Tel-Aviv student recreates the tent protest on campus

Tel-Aviv University graduate student Barak Segal, who was one of the activists of the 2011 social justice movement, decided to protest the high cost of housing by putting up a tent on the university’s campus and reside in it starting Wednesday. Segal decided to recreate the tent protest, which took place on Rothschild Boulevard in the summer of 2011, after his landlord raised the rent of his one bedroom Ramat-Gan apartment by almost 10 percent.

According to a recent survey, half of Israeli students have received financial aid from their parents in the past academic year. The average amount of this financial aid in 2011-2012 reached NIS 14,355, a 15 percent increase from the year before. On the facebook event page he opened, Segal made clear that positioning himself on campus isn’t an attack on Tel Aviv University.

Barak Segal and the tent on Tel-Aviv University campus (Photo: J14)
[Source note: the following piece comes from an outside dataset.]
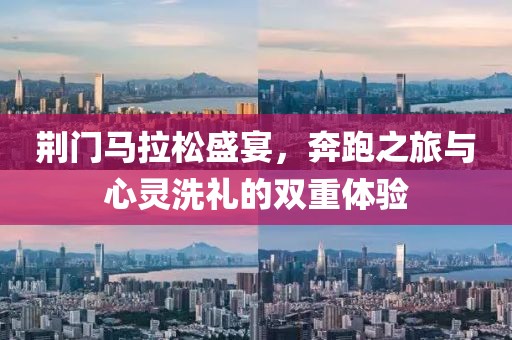 荆门马拉松盛宴，奔跑之旅与心灵洗礼的双重体验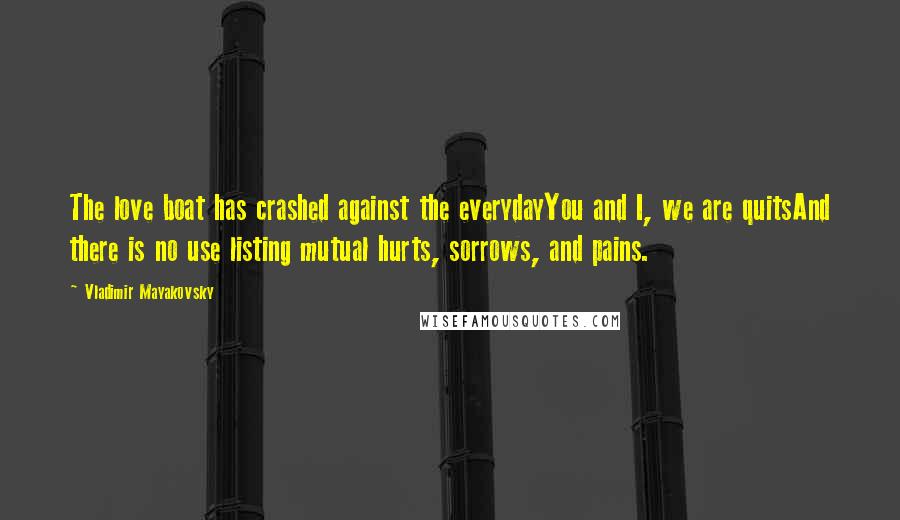 Vladimir Mayakovsky quotes: The love boat has crashed against the everydayYou and I, we are quitsAnd there is no use listing mutual hurts, sorrows, and pains. Vladimir Mayakovsky quotes: The love boat has crashed against the everydayYou and I, we are quitsAnd there is no use listing mutual hurts, sorrows, and pains.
“I just think students can define what the future is going to look like. I think that we are taught a lot of things here that help us produce ideas. Except in the real world, those things don’t happen. I think the university, as a learning place, can be the host for our uprising and support our ideas.” “The hope is that 300,000 students will uprise and create a situation where things can finally change. But this kind of thing takes time,” Segal said. He is expected to be joined by dozens others who will do the same. Faculty, students and other university staff will also come for support.